Hydrogène : entre illusions de masse et réalité économique

L’hydrogène a longtemps occupé la place du carburant miracle. Sur le papier, de sérieux atouts : des véhicules rapides à recharger, zéro émission au pot d’échappement et une certaine aura d’innovation.

Sauf qu’en pratique, la réalité cloche : l’infrastructure fait défaut, les stations de remplissage se comptent sur les doigts d’une main et le coût du développement pèse lourd sur les bilans financiers.

Chez Stellantis, la coupe est pleine – le groupe considère que le secteur reste un « segment de niche, sans perspective de rentabilité à moyen terme ».

Jean-Philippe Imparato, directeur des opérations pour l’Europe, l’explique sans détour : « Le marché de l'hydrogène reste une niche, sans perspectives de viabilité économique à moyen terme. »

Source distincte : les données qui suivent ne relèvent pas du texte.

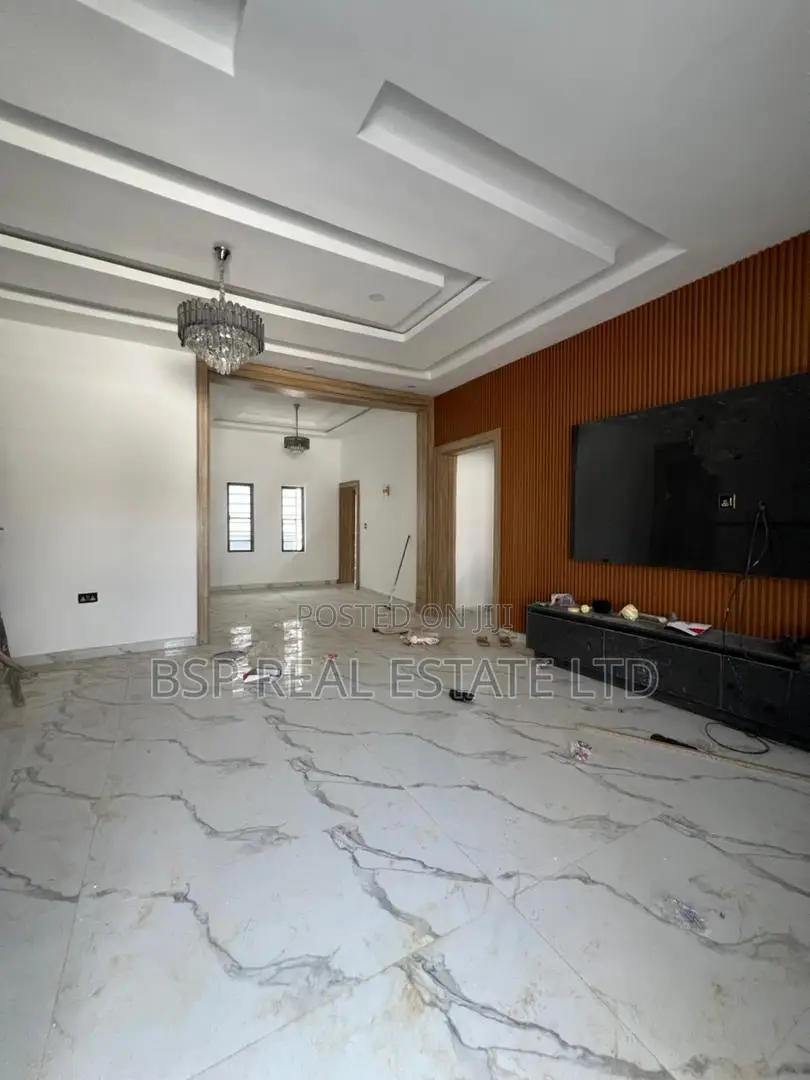 3bdrm Bungalow in Gwarinpa for sale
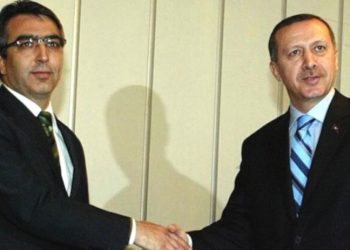 Sabah yazarı Övür: Erdoğan ve Erkan Mumcu baş başa 3 saat görüştü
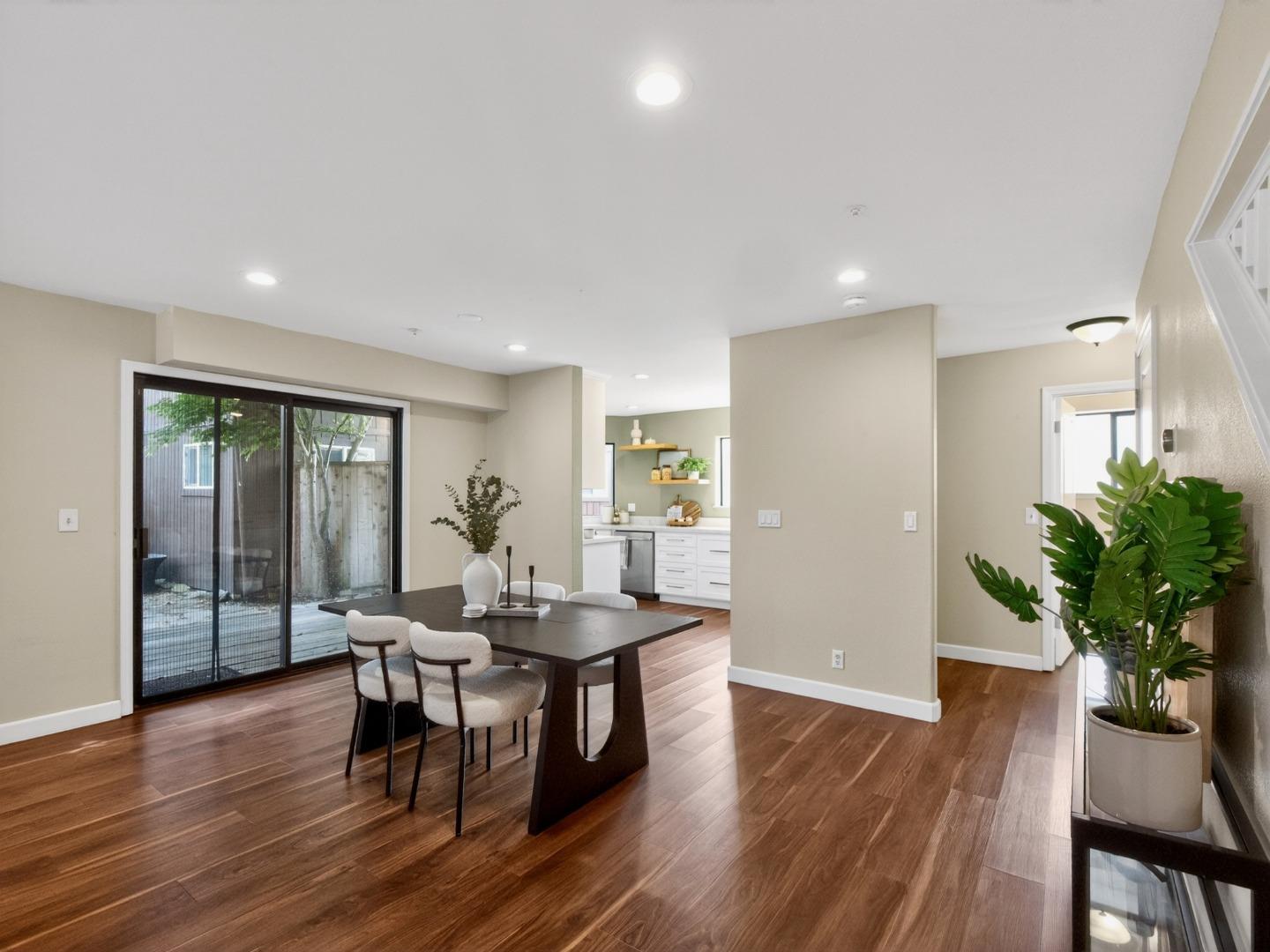 Detail Gallery Image 8 of 46 For 1764 Del Mar Ct, Santa Cruz,  CA 95062 - 3 Beds | 2/1 Baths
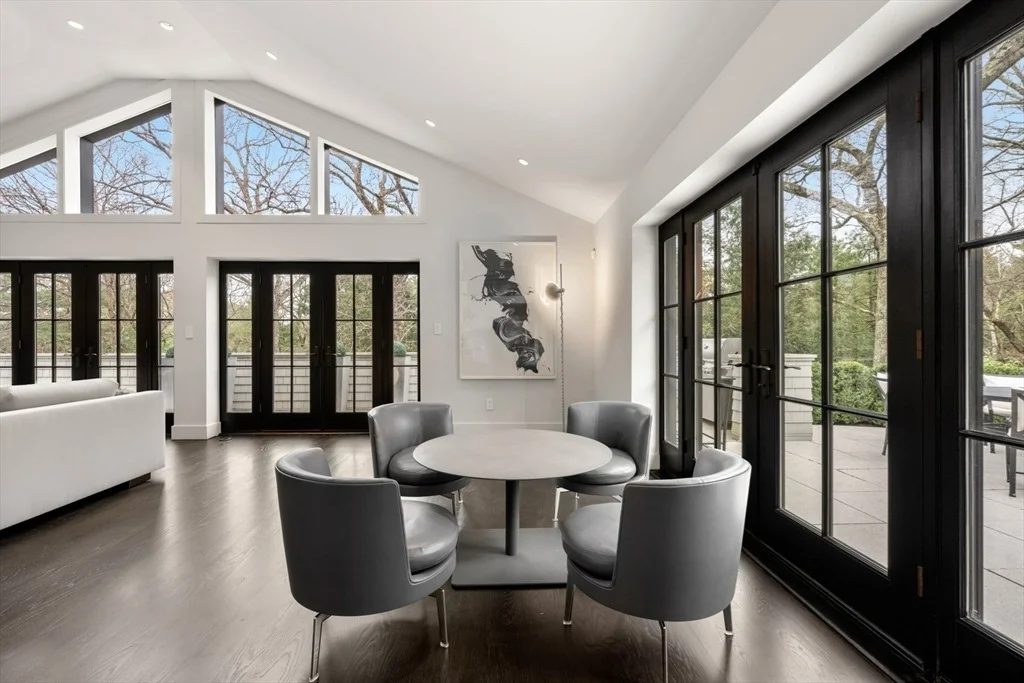 Photo of 44 Meadowbrook Road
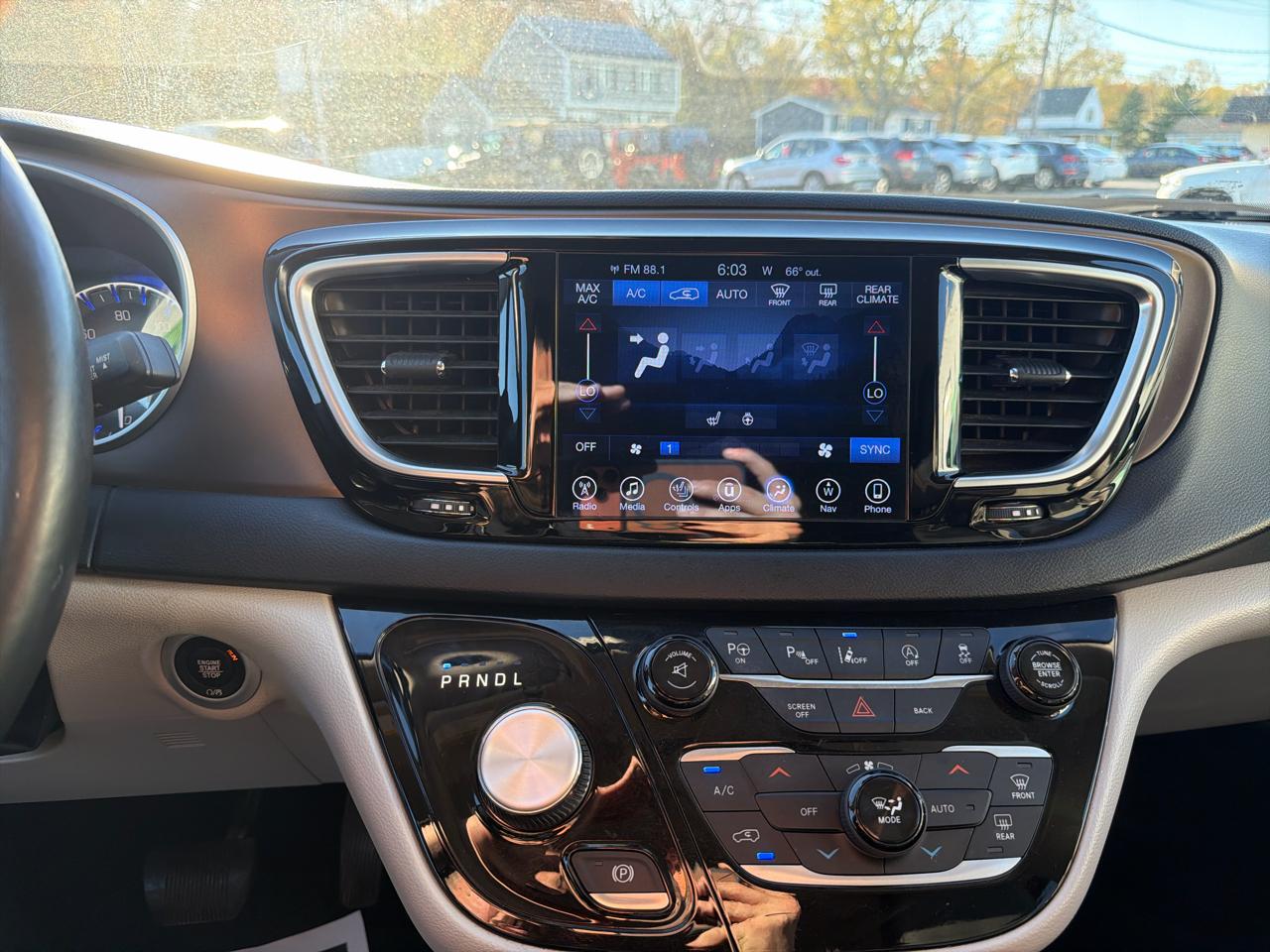 Chrysler Pacifica Touring-L Plus 2017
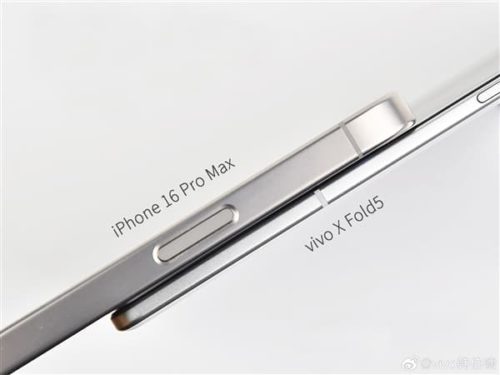 Real photos of Vivo X Fold5 have been released: The thickness in the folded state is close to that of iPhone 16 Pro Max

Il acte une bascule stratégique en affirmant vouloir faire des choix « clairs et responsables pour garantir la compétitivité » de la marque, en misant sur une offensive électrique et hybride bien plus concrète.

Symbio et la chaîne de valeur prise de court

Le coup de frein décidé par Stellantis ne tombe pas sans secousses pour ses partenaires, en particulier Symbio – géant français de la pile à combustible et co-entreprise pilotée aussi par Michelin et Forvia.

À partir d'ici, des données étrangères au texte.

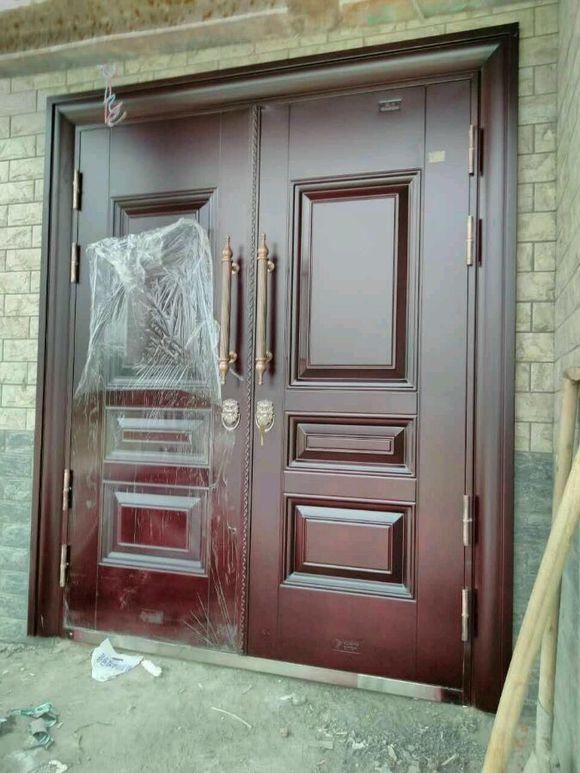 小伙花50萬為父母建別墅養(yǎng)老，卻被網(wǎng)友噴慘了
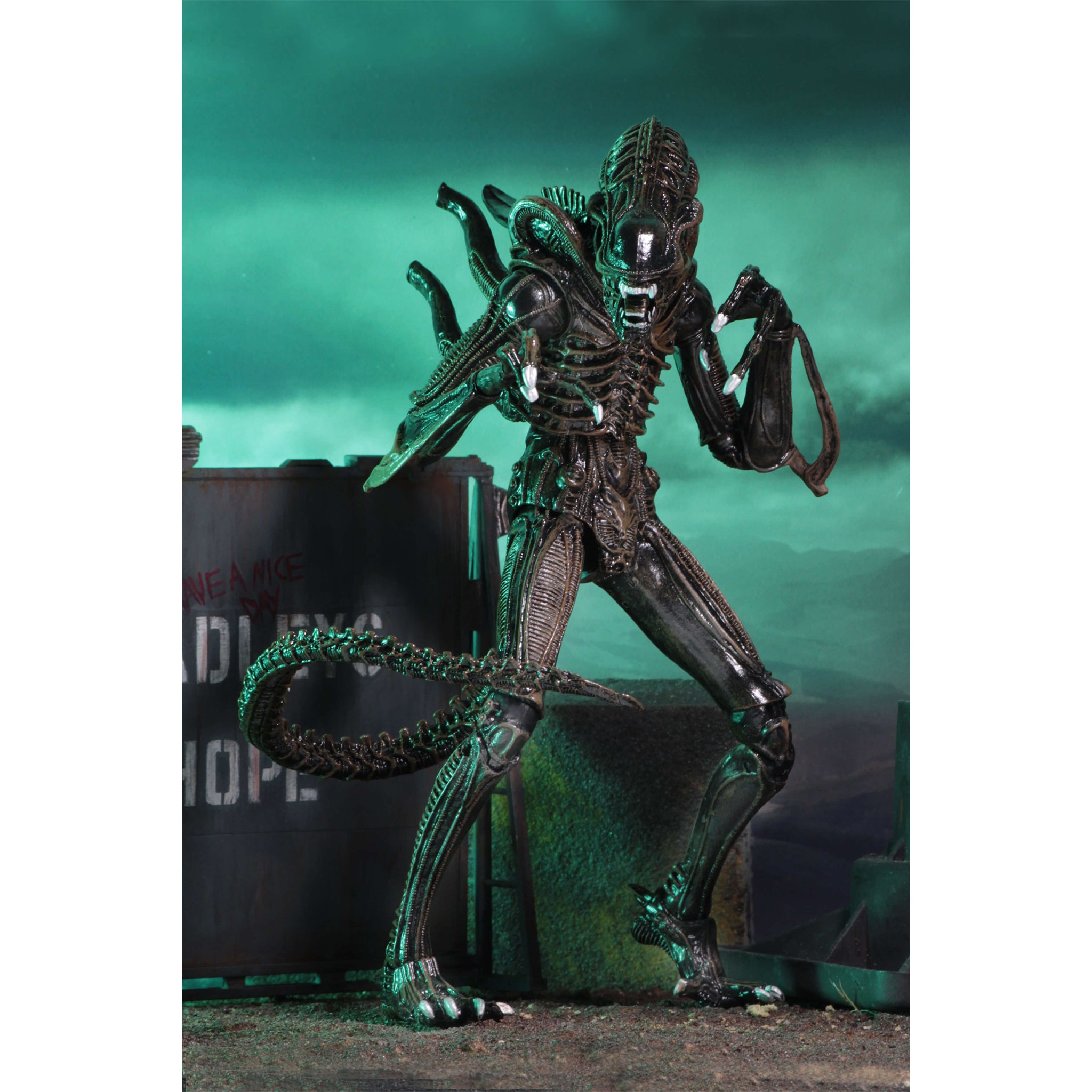 NECA Aliens Ultimate Warrior Xenomorph Action Figure – photo 19 of 23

Pour Symbio, le choc est rude : 80% de son chiffre d’affaires provenait des commandes Stellantis, et des centaines d’emplois sont concernés en France comme aux États-Unis.

Tout le modèle industriel de la gigafactory de l’Est français, inaugurée en 2023, se retrouve remis en question. La surprise est grande et les conséquences peuvent être « sérieuses tant sur le plan opérationnel que financier ».

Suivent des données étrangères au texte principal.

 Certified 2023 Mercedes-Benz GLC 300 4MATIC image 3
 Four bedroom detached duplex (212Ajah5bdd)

Les équipes dirigeantes de Stellantis se veulent rassurantes sur l’emploi au sein de leurs usines : pas de licenciements prévus sur la production, tandis que la R&D hydrogène sera réorientée.

Les discussions avec les partenaires de Symbio sont ouvertes pour limiter la casse et sauvegarder ce qu’il reste du savoir-faire « hydrogène made in France ».

Pourquoi l’hydrogène cale face à l’offensive électrique ?

La complexité de l'infrastructure d'approvisionnement en hydrogène et les manipulations constituent des freins à différents niveaux et faire un "plein" d'hydrogène peut prendre du temps tout en nécessitant des températures très basses.

Comparer ça à une recharge électrique rapide ou, mieux, à un plein d’essence classique, c’est tout sauf convaincant. Côté rendement, le carburant hydrogène affiche un score décevant : produire le gaz consomme beaucoup d’énergie en amont, sa distribution demande des moyens coûteux et, surtout, l’essentiel de l’hydrogène commercial provient toujours des hydrocarbures – loin d’être climato-compatibles, même si des efforts pour produire de l'hydrogène "vert" (à partir d'énergies renouvelables) ou via des centrales nucléaires (pour de l'hydrogène "jaune" bas carbone) reste un objectif des stratégies énergétiques, dont celle de la France.

Résultat : même les défenseurs de la pile à combustible sont contraints de ravaler leur optimisme face à l’essor des vans électriques et hybrides. L’adoption massive de l’hydrogène s’éloigne, au moins jusqu’à la prochaine décennie.

La messe est-elle dite pour l’hydrogène sur les routes européennes ? Rien n’est irrévocable, mais la météo reste bien grise… en attendant un éventuel retour en grâce.

Du côté de l'aviation aussi, l'avenir de l'hydrogène reste compliqué : Airbus a récemment annoncé le report de ses projets d'avions à hydrogène à au moins 2040, faute de trouver l'équation économique adaptée.